As members of his crew scrambled out, the plane went into a dive, pinning Reid to his seat. Reaching overhead, he managed to release the escape hatch panel and struggled out just as the Lancaster broke in two. He landed heavily by parachute, breaking his arm in the fall. Within an hour he was captured by a German patrol and taken prisoner. After various transfers, he ended the war in Stalag III-A prisoner of war camp at Luckenwalde, west of Berlin.

==Post war==
Reid was demobilised in 1946 and resumed his studies, first at the University of Glasgow and later at the West of Scotland Agricultural College. After graduating from the University of Glasgow in 1949, he went on a travelling scholarship for six months, studying agriculture in India, Australia, New Zealand, America and Canada. He retained a reserve commission until 15 January 1949.

==Later years==
In 1950, he became an agricultural adviser to the MacRobert Trust, Douneside.
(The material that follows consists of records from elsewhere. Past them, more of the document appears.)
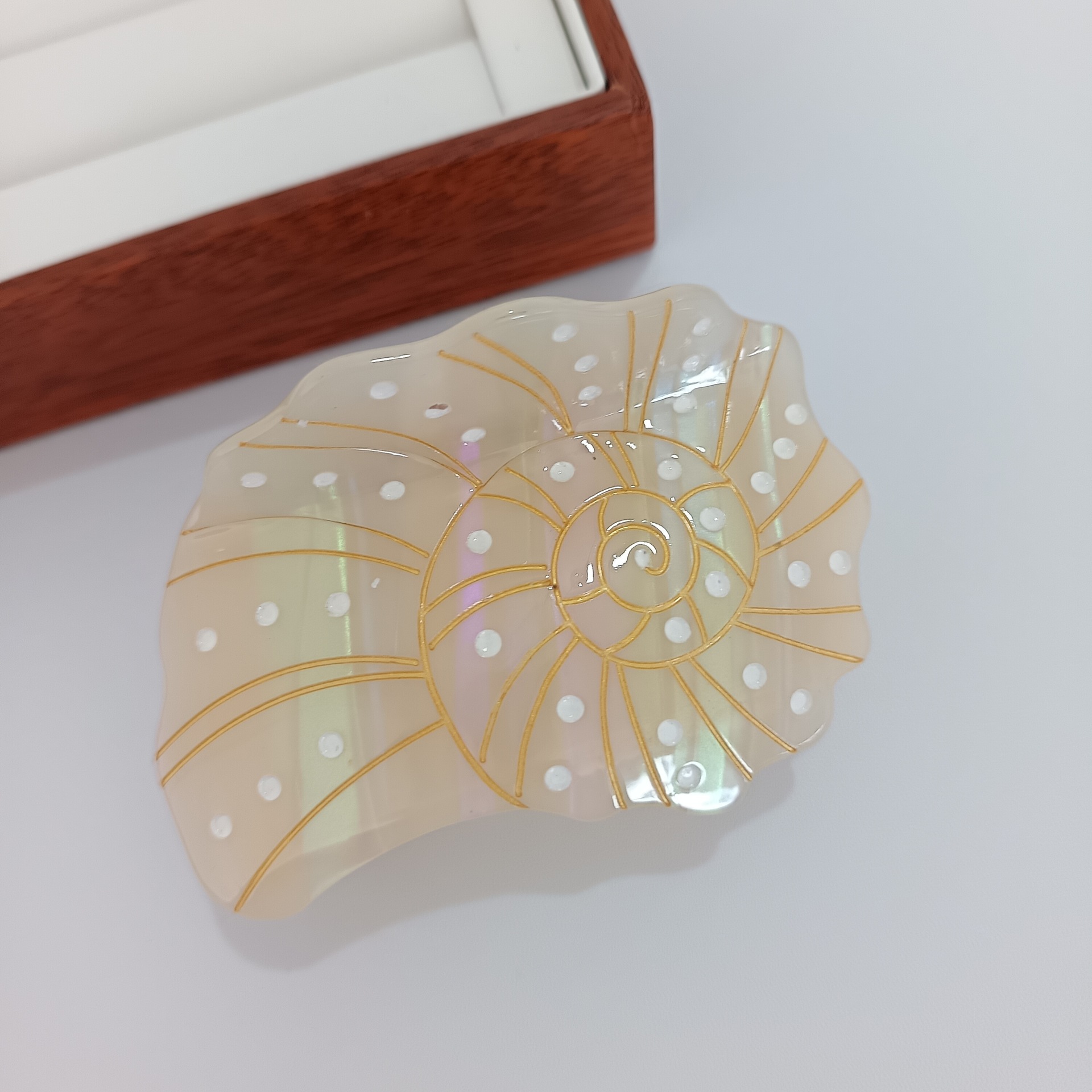 Accesorios Capilares de Conchas de Tiburón y Mariposa — imagen 12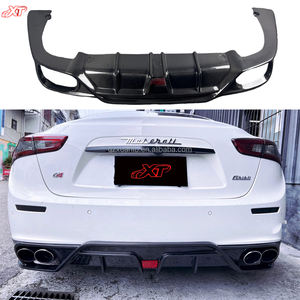 Fibre de carbone avec diffuseur arrière à lumière LED pour <span class=keywords><strong>Maserati</strong></span> Ghibli 2014-2017 Mise à niveau du pare-chocs arrière Spoiler BodyKit - Product Image 1
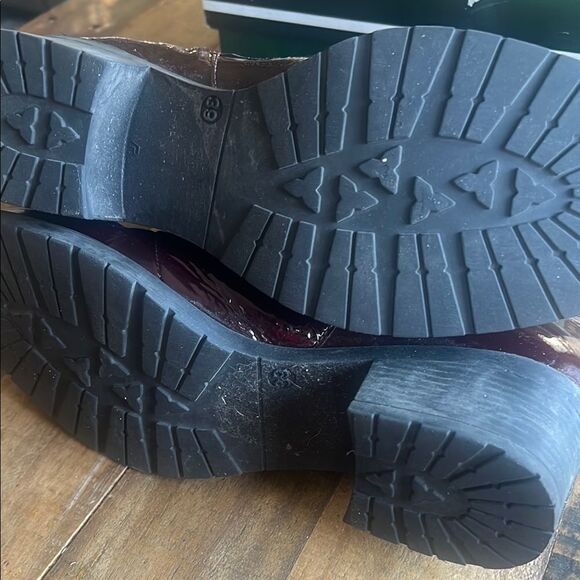 Bos. & Co. Red Shoes - Picture 5 of 9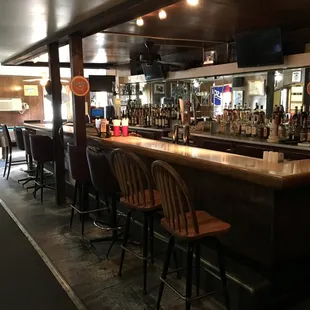 Pool table and bar are really nice!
From 1959 to his retirement in 1981, he was an adviser to a firm of animal feed manufacturers.

Reid is interviewed and provides a vivid description of the mission for which he was awarded the Victoria Cross in episode 12, "Whirlwind – Bombing Germany (September 1939 – April 1944)", of the acclaimed 1973–74 British documentary television series, The World at War.

==Personal life==
Reid married Violet Campbell Gallagher, a daughter of William Gallagher, sports editor of the Glasgow Daily Record in 1952. She was reportedly unaware that he was a VC holder until they were married.

==Death==
William Reid died at the age of 79 on 28 November 2001, survived by his wife and their two children. On 19 November 2009, his VC was sold at an auction by medal specialists Spink. It went to an anonymous bidder for £348,000, a record for a VC awarded to someone from the United Kingdom. The bidder was later revealed to be Melissa John, in memory of her late brother, and that she had outbid the buyers acting for Michael Ashcroft in the auction.